Two Feet In The Future

Following Pep Guardiola’s much anticipated departure following the 2015/16 season, Die Roten were rendered in a position unlike anything they’ve experienced in years: uncertainty. After three years of toiling away to master and execute Guardiola’s beautiful conception of football, Bayern Munich continued to find themselves in UEFA obscurity. More importantly, Bayern failed to recognize crumbling foundation within the context of the club.

In the three years served as the Bayern teacher of his aforementioned concept, Bayern elevated themselves in a class occupied by only Real Madrid and Barcelona. It is arguable that said elevation occurred following their infamous treble, but it was Guardiola who truly elevated the Bayern brand. Guardiola bought players like Mario Gotze, Robert Lewandowski, and Arturo Vidal, and the rest of the Bundesliga couldn’t keep up. On the pitch, the disparity in talent was evident, despite Pep insisting that the games were in fact difficult, and winning the Bundesliga served as a simple momento for positive play. However, the UEFA Champions League proved to be challenging, especially in the semi-final rounds against the likes of Real Madrid, Athletico, and Barcelona.

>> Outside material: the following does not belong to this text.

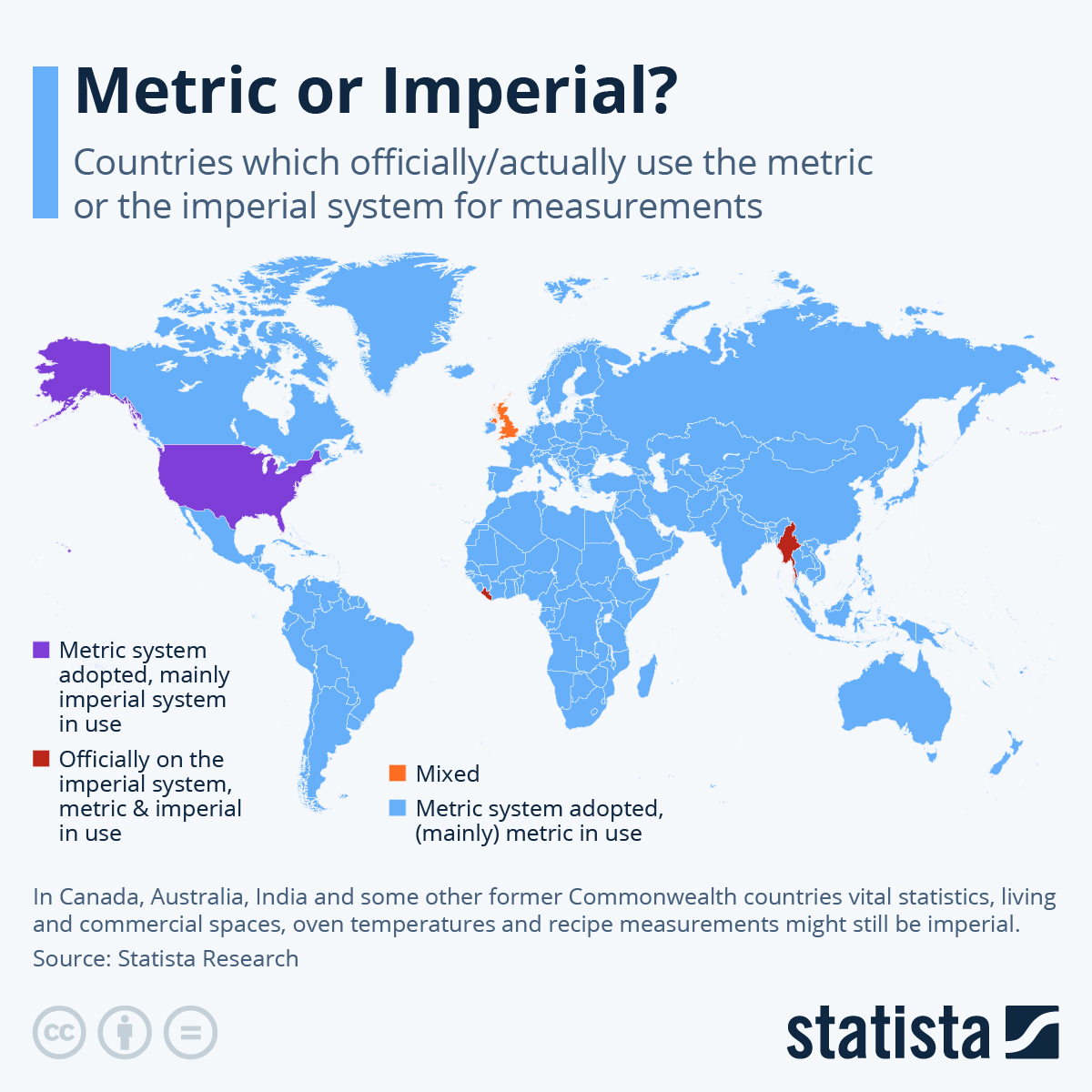 50 Shocking Facts: Global Metric System Usage Unveiled - 2024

The three year saga of Pep Guardiola’s tenure at Bayern was arguably a counterattack that never seemed to remedy itself. Aside from Bayern’s victimization of said counterattack is without question, Bayern continues to fall short. Bayern’s best chance to win the Champions League was 2015/16, Pep’s last season. Following the disappointing loss to Athletico, a number of Bayern players—Robben, Ribéry, Neuer, and Lahm—we’re approaching elevated ages for their respective careers. Bayern needed to retool, rebuild, or even refresh its team, and had the chance to do so with the likes of players like Leroy Sané. However, Uli Hoeness and Karl-Heinz Rummenigge argued that players like Robben and Ribéry were still top players. Following the 2015/16 season, Bayern’s rebuild should have begun, not now. From the coaching carousel to the poor signings, Bayern still operates with a perceived elevated-status once held with Guardiola at the helm. That dangerous mystique left with Pep in 2016, but the Bayern brass continued to render itself split between legacy and fantasy. In other words, the team was built on a solid foundation of history, but they view themselves as a top five team. The inconsistencies of the past four seasons proves that this is correct.

Now it is essential to note that Flick’s tenure cannot be judged yet, as the season has not been completed yet, so this blog will not address his performance. From Ancelotti to Kovac, Bayern became the girl who thinks she is gorgeous, tells everyone she is gorgeous, but everyone knows that this isn’t true. Carlo is a great manager, but this team was not the right fit, and the front office did not jive with his decisions; however, his decisions were equally questionable. For instance, how does a player coming off of a career year end up on the bench, simply because he doesn’t fit into your scheme? Great coaches build the system around his players. Kovac made the same mistake, and his tactical opportunities proved to be too decisive in his sacking. Still Uli and KHR perceived this team to be equal to a UCL contender. The worst thing to happen was an old genius named Jupp Heynckes, who took a beaten team deep in the Champions League, which they had no business at that stage in the tournament. The player performances, as it is arguable that Jupp demanded said efforts, were extraordinary, but not sustainable. Jupp’s final tenure was nothing more than a flash in the pan. Jupp left and Kovac reinstated Bayern’s backward trajectory. Again, winning the Bundesliga and even the Pokal is nothing to hang your hat on if a specific team continues to win annually. Bayern’s defeat time Liverpool last season illustrated how far this team has fallen.

It’s time to rebuild. The rebuild has arguably begun under Flick, but a true rebuild will arrive in three stages: commit to Flick (on the notion that he continues to garner results), commit to the academy, and spend some money. Just briefly, Bayern have not utilized their academy effectively since Alaba and Müller arrived on the scene. This was not a strength of Guardiola, Ancelotti, or Kovac. Flick appears to be open to utilizing his youngsters, and Bayern needs to augment its veteran players with at least one or two youngsters every year. But Bayern also needs to spend money. Long gone are the days when you can find star players for €20M. You can’t hide young stars anymore, as they have done so in the past. If Bayern wants to prove that their recent success is no flash in the pan, they must admit that they are rebuilding, but doing so with both feet in the future.